2.3. Metabolic syndrome

The 2001 National Cholesterol Education Program/Adult Treatment Panel III35 and 2005 American Heart Association/National Heart, Lung, and Blood Institute36 criteria were used to define MetS on the basis the presence of any three of the following five traits: (i) WC ≥ 90 cm in men and ≥85 cm in women, which are the WC cut‐off levels for abdominal obesity in Koreans37; (ii) serum triglyceride (TG) level ≥ 150 mg/dL or receiving drug treatment for dyslipidaemia; (iii) serum high‐density lipoprotein (HDL) cholesterol level < 40 mg/dL in men or <50 mg/dL in women; (iv) BP ≥ 130/85 mmHg or receiving drug treatment for elevated BP; and (v) fasting plasma glucose (FPG) level ≥ 100 mg/dL or receiving drug treatment for elevated blood glucose levels.
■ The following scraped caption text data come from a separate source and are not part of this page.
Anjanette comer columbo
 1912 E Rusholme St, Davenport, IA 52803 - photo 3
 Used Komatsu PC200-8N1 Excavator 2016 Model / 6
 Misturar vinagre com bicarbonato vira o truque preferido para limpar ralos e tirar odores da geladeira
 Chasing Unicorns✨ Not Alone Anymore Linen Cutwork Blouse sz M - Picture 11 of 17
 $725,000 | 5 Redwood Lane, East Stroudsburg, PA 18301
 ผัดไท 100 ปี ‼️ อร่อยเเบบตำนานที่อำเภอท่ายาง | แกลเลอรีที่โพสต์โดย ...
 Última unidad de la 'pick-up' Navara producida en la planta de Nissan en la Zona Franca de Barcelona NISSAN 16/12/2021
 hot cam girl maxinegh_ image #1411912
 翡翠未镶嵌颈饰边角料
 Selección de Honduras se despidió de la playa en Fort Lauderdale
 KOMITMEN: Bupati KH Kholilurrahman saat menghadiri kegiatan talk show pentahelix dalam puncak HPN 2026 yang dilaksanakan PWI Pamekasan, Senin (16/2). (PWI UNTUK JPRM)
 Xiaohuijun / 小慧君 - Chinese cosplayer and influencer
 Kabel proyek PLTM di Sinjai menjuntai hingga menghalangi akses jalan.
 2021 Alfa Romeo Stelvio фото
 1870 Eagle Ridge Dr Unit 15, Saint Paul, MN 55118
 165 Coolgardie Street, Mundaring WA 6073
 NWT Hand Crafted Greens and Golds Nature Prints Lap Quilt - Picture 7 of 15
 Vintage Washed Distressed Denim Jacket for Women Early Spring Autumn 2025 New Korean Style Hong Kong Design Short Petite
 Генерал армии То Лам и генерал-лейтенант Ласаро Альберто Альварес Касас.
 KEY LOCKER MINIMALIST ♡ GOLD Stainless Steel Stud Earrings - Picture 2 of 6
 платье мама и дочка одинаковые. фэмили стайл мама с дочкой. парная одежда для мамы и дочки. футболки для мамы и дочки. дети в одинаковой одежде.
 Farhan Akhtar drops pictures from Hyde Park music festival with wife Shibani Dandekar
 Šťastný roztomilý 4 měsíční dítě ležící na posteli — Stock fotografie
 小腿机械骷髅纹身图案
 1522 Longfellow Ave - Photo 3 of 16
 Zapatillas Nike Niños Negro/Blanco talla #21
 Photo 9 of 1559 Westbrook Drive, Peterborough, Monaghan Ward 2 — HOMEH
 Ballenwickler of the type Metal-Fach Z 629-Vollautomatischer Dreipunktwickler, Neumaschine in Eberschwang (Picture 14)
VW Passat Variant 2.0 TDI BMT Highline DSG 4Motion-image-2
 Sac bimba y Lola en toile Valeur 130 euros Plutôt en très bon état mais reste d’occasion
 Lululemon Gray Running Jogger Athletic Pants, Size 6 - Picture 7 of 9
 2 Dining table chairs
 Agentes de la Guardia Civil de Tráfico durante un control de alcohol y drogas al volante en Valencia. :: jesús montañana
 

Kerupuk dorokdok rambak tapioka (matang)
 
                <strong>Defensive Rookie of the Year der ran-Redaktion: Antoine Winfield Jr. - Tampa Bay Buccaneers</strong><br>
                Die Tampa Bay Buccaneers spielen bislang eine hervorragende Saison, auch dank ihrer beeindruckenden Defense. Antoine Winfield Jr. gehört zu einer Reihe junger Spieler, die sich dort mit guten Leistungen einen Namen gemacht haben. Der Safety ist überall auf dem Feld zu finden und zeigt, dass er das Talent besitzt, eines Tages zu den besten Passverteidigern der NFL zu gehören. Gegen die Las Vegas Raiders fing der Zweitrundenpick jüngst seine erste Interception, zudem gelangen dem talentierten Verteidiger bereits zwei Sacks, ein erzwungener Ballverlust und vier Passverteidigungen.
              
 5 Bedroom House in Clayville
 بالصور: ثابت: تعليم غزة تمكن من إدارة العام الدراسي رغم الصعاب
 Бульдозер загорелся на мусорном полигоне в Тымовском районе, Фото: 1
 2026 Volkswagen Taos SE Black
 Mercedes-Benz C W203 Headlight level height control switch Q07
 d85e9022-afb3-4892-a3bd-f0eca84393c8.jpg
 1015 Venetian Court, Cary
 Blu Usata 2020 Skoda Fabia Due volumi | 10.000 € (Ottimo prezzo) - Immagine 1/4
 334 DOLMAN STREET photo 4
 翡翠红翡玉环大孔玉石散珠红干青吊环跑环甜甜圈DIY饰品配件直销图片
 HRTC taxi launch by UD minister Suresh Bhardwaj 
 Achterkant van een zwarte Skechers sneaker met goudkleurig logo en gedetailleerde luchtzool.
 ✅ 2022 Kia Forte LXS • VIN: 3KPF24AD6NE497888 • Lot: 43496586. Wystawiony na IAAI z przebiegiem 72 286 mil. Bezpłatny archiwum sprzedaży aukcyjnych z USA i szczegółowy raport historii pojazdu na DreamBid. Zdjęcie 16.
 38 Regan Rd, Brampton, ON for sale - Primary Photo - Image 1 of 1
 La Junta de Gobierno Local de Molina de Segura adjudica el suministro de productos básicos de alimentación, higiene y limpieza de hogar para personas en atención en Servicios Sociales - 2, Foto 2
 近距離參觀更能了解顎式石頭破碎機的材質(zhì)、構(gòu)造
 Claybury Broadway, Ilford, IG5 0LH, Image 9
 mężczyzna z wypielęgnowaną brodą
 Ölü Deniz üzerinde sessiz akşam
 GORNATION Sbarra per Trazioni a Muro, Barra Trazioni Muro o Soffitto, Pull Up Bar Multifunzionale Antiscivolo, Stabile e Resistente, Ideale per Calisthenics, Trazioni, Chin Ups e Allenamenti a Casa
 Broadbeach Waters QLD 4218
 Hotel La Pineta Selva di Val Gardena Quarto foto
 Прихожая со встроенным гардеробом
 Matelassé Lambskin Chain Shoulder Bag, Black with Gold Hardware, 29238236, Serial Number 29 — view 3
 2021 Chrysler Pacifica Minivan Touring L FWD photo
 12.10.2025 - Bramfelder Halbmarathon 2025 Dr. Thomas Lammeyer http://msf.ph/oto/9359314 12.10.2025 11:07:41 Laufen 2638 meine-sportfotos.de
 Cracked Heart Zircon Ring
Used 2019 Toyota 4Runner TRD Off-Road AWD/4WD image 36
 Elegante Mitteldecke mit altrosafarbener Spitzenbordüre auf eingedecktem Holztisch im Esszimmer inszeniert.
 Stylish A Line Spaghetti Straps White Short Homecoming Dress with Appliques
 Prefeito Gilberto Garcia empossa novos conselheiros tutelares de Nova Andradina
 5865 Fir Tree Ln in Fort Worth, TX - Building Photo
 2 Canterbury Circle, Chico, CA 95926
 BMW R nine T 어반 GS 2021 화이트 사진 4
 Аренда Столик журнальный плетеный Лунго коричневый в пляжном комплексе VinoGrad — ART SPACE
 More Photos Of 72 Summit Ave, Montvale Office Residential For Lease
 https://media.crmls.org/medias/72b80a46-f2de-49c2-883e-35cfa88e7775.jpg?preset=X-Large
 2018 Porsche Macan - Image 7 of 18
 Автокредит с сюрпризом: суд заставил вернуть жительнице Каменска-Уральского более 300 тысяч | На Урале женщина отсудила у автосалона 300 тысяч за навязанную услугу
The 2006 International Diabetes Federation (IDF)18 criteria were used to define MetS on the basis of the presence of abdominal obesity (WC ≥ 90 cm in men and ≥85 cm in women) plus any two of the following four traits: (i) TG level ≥ 150 mg/dL or receiving treatment for dyslipidaemia; (ii) HDL cholesterol level < 40 mg/dL in men or <50 mg/dL in women; (iii) systolic BP ≥ 130, diastolic BP ≥ 85, or receiving treatment for hypertension; and (iv) FPG level ≥ 100 mg/dL or previously diagnosed with type 2 diabetes.

2.4. Insulin resistance

The homeostasis model assessment for IR (HOMA‐IR) was used to evaluate IR and was calculated using the following formula: [FPG level (mg/dL) × fasting plasma insulin level (uIU/mL)]/405.

2.5. Obesity status

The World Health Organization BMI cut‐off levels in adult Asians are 18.5, 23, and 25 kg/m^2, 38 with underweight, normal weight, overweight, and obesity defined as BMI < 18.5, 18.5–22.9, 23–24.9, and ≥25 kg/m², respectively.

2.6. Variables

For sex‐based analyses, the following data were collected: age, FMR, WC, MetS status, HOMA‐IR, BMI, obesity status, daily nutritional intake (total energy intake; percentages of energy intake from carbohydrate, protein, and fat; and water intake per body weight by the 24 h recall method), smoking status (none, past, or current), monthly alcohol consumption (<once or ≥once/month), education level (≤elementary school, middle or high school, and ≥college), average monthly household income (quartile), co‐morbidity (hypertension, diabetes, or dyslipidaemia), and survey year. PA was assessed as the metabolic equivalent value or as a categorical variable (low, moderate, or high) on the basis of the International Physical Activity Questionnaire data processing and analysis guidelines.39

2.7. Statistical analysis

KNHANES data were extracted using two‐stage stratified cluster sampling rather than simple random sampling; therefore, the complex sampling weights are reflected in the present data analyses. Linear regression analyses and χ ² tests were conducted to compare the general characteristics among the FMR quartiles according to sex, and then box plots of the FMR according to sex and age were drawn. In addition, the relationship between FMR and IR was analysed by estimating the least square means (marginal means) of the HOMA‐IR according to FMR quartile. Logistic regression analyses were performed to assess MetS risk according to FMR quartile and to compare daily nutritional intake levels according to FMR quartile. Adjusted odds ratios (ORs) or beta coefficients were calculated after accounting for potential confounding variables such as age, total energy intake, water intake per body weight, smoking status, monthly alcohol consumption, PA, education level, average monthly household income, and survey year.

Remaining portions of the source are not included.